On 18 March 2014, Maseko was jailed for contempt of court after criticising Swaziland's judicial system. In April 2014, People's United Democratic Movement General Secretary Mlungisi Makhanya was arrested for wearing a party T-shirt to protest the incarceration of Maseko and journalist Bheki Makhubu.

In August 2014, Maseko wrote to United States President Barack Obama from prison, seeking his intervention ahead of the 2014 United States–Africa Leaders Summit. Maseko was released from prison on 30 July 2015. He had been declared a prisoner of conscience by Amnesty International.

In 2018, Maseko launched a court challenge against Mswati III's change of the country's name from Swaziland to Eswatini.

== Death ==
Maseko was assassinated in his own living room, in front of his family on 21 January 2023 in Luhleko. This followed intensified efforts to silence pro-democracy and human rights advocates in Eswatini. Speaking earlier on the day of the assassination, King Mswati III said, publicly, that "People should not shed tears and complain about mercenaries killing them. These people started the violence first".

Maseko was buried on 29 January 2023.

=== Reactions ===
After Maseko's death, Zimbabwean journalist Hopewell Chin'ono tweeted that the assassination was "a chilling reminder of how the corrupt political elites are prepared to do anything to shut down pro-democracy voices". Numerous human rights organisations, as well as the National Union of Metalworkers of South Africa, the South African Federation of Trade Unions, the Law Society of South Africa, the United Nations, and many other organisations, condemned the assassination.

The government of Eswatini released a statement saying that "Maseko's demise is a loss to the Nation and his footprints as a human rights lawyer are there as proof of his contribution to the country" and said that an investigation would be carried out to bring his killers to justice.

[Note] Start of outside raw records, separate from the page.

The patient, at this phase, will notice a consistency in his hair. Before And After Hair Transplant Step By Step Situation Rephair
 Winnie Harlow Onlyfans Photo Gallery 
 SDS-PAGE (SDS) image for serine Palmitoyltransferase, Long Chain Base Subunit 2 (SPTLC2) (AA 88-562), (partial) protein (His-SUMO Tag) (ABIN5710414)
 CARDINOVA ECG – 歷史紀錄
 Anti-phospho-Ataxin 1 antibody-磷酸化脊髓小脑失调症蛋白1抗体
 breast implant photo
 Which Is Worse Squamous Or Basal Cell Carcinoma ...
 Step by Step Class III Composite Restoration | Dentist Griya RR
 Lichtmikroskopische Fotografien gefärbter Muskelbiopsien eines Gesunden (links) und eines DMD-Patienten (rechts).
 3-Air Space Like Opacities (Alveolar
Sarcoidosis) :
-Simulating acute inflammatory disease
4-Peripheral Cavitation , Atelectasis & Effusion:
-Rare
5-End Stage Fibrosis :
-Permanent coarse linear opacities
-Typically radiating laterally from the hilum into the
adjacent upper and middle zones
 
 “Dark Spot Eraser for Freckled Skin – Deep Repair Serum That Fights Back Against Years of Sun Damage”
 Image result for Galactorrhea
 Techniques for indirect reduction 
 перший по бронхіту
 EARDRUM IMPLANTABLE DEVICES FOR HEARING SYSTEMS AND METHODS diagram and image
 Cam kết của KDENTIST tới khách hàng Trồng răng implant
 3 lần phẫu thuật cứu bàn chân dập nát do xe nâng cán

Pudemo president Mlungisi Makhanya said that "There is absolutely no doubt that the assassination was carried out at the King's order ...Thulani's assassination by King Mswati represents one thing and one thing only – the assassination of peace. Comrade Thulani was a man of peace. He was a principled leader who gave his all in the fight for human rights and democracy, but always employed peaceful methods."

On 23 January 2023, Amnesty International's Deputy Director for East and Southern Africa, Flavia Mwangovya, said that Maseko's murder was "a chilling reminder" that those who call for political reform in Eswatini were not safe. Amnesty demanded "an effective thorough, impartial and transparent" investigation into Maseko’s murder to ensure his killers were brought to justice. The organization said the investigation should be conducted by an agency independent of the government.

Following his death, Maseko's wife, Tanele Maseko, has led a campaign calling for an independent investigation into his death.